Are you saying that nurture beats nature every time only with things like intelligence, where it's not even a competition, whereas with other things, like happiness, it's different? Or did you mean that nature wins out every time, and you just mistyped it again? Because if you're arguing that nurture is more important than nature, you're agreeing with me and disagreeing with Caplan, at least in part.
Originally Posted by Geist
Also, Caplan talks a lot about what he calls "fade-out." For example, while nurture does have an effect on IQ when the babies are younger, by the time they reach a certain age, the effect is gone. Parents can influence their children (think of Tiger Woods' dad making him play gold and the Williams sisters' dad making them play tennis) and alter their paths, but obviously not without the cooperation of the children. And also, it should be noted, his book discusses outliers. Woods' dad or Williams' dad probably don't fall within the typical, average parent range.
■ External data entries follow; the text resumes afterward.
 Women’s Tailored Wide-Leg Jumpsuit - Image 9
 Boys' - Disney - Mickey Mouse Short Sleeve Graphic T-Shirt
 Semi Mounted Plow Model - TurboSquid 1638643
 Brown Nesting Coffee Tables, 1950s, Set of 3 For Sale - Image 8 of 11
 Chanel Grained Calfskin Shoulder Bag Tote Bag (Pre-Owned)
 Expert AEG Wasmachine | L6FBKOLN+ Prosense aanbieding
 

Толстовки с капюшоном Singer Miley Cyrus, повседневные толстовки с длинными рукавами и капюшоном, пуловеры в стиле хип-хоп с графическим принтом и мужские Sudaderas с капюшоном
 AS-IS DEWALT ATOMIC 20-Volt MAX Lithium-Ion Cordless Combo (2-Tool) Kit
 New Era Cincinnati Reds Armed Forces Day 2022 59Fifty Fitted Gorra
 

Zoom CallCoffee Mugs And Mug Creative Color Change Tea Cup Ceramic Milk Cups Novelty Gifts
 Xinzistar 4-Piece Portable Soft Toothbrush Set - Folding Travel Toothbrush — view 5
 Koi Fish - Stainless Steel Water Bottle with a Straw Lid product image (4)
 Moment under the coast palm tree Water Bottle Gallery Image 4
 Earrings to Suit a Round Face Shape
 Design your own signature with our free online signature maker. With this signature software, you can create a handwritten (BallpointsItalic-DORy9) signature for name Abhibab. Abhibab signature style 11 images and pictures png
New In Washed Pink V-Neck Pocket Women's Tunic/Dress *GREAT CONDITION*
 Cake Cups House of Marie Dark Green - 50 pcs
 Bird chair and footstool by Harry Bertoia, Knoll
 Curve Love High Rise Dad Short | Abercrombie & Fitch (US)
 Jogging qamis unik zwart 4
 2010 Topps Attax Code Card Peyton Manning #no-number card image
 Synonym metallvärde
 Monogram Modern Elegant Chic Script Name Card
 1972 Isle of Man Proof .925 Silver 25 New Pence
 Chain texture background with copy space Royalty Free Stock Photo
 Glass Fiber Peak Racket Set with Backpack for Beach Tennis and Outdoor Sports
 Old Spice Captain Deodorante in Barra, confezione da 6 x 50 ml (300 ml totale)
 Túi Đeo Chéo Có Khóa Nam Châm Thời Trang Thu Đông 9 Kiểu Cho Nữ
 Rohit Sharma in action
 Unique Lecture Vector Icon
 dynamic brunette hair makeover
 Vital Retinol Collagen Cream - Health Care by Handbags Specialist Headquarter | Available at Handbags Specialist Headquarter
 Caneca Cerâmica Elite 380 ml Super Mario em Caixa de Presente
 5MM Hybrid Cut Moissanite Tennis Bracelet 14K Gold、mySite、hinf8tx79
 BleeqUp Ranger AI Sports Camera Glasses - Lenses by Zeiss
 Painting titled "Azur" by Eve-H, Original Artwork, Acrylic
But the point of Gladwell's book is that outliers become outliers not because they are brilliant and unusual, or even because their parents pushed them, but because they have access to resources, like a tennis court, a piano or a computer on which to practice.
Thanks for the link to the twins study and the summary of the results--very helpful.
I also have to add that it's also important to "think like an economist" to fully understand where he's coming from. Economists think on the margin instead of looking at the entire picture. So instead of saying, "I want to get my kid every possible IQ point possible, no matter how much the cost" an economist would look at it and say, what is the cost of each additional IQ point and is it worth it? If a point of IQ cost (to put it in simple terms I'll use money though obviously you can't buy them!) $5, I'd probably go for it. Afterall, I've spent $5 on stupider things. $50? Eeeeh maybe. $500? No. $5000? Definitely not! It's the same thing wit parenting. If you're going from 0 units of parenting to buying 1 unit of parenting, the marginal benefit for you and your kids are going to be HUGE but the marginal cost probably not very small. Now, pretending the maximum number of units of parenting you can buy is 100, how much are you willing to give out for that 98th and 99th and 100th point? How much benefit are you and your kids going to get out of it? What if they would prefer having some time to themselves? What if your marriage is suffering because of it and everyone is super stressed because mom is pissed all the time because she's not getting enough sleep? Look at the marginal cost and benefit of your parenting choices and not just the whole picture that says "this is what I have to do to be a good parent and anything less is failing and my kids will end up homeless."
Which is all extremely silly, since parenting doesn't actually work that way. I mean, it's also the reason that admitting nurture makes a difference doesn't require you to stand over the child forcing him to practice the piano. I just don't think it's a binary choice between being relaxed and accepting and helping the child realize his or her potential, and I'll never be able to swallow the idea that all achievement is due to the individual's inherited qualities.